Evaluation of a single dose of half strength inactivated influenza vaccine in healthy adults

Abstract

Because of delays in the manufacturing of the 2000-2001, trivalent inactivated influenza vaccine in the US, there were concerns that there might be shortages of vaccine supply in the US. Therefore, we conducted a prospective, randomized, open-label, multicenter trial at six academic medical centers in the US, to evaluate the immunogenicity of a half dose of inactivated vaccine in healthy adults. Healthy adults between the ages of 18 and 49 were randomized to receive either a full 0.5ml (15.5 microg of each HA antigen) dose or a 0.25ml (7.75 microg of each HA antigen) dose of the 2000-2001 trivalent inactivated influenza vaccine by intramuscular injection. Sera were obtained for assessment of hemagglutination-inhibiting antibody to each of the three strains contained in the vaccine before and 21 days after vaccination.
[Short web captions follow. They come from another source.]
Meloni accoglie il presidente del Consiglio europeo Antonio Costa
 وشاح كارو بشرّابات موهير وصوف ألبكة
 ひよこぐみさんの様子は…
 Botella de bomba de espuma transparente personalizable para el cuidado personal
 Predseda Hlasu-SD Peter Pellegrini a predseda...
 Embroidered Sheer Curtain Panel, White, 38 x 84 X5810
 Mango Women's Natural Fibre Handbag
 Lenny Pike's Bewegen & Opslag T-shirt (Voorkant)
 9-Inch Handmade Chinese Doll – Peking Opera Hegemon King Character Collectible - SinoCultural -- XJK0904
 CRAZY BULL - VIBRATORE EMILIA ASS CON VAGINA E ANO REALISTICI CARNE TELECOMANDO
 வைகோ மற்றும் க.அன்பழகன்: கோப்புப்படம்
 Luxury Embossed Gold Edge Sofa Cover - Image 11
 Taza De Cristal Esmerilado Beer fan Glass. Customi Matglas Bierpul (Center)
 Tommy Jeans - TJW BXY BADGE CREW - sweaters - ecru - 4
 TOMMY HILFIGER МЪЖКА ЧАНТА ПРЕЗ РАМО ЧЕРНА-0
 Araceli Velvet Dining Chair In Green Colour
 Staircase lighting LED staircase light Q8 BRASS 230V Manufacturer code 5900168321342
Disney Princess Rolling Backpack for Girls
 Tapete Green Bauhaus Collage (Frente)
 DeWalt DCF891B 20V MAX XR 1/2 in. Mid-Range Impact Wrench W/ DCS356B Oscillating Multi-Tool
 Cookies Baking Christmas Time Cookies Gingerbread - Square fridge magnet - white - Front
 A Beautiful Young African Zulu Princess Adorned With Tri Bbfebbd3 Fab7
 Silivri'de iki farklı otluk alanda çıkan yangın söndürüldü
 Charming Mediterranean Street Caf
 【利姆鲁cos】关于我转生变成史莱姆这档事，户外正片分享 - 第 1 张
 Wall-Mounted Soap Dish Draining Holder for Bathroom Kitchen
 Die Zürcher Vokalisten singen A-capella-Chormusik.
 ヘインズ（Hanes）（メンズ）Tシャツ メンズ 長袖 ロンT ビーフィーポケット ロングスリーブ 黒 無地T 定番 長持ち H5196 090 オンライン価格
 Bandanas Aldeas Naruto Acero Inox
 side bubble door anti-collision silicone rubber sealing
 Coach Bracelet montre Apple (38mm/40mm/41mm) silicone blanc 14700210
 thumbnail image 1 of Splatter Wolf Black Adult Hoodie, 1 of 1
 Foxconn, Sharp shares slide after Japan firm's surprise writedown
The proportions of individuals achieving a post-vaccination titer of > or =1:40, the geometric mean titers (GMTs) of post-vaccination antibody, and the proportions of individuals with a four-fold or greater increase in antibody were lower for all three strains in those receiving 0.25ml of vaccine compared to those receiving 0.5ml. However, the differences were small for all three antigens. The upper 95% confidence limits for differences between 0.25 and 0.5ml doses were less than 20% for rates of achieving a titer of > or =1:40 and four-fold response, and less than 1.5 for the ratios of GMTs between dose groups, for all three vaccine antigens. These results suggest that when vaccine is in short supply, a strategy using a half dose in healthy adults could increase the number of people vaccinated with relatively little adverse impact on vaccine immunogenicity.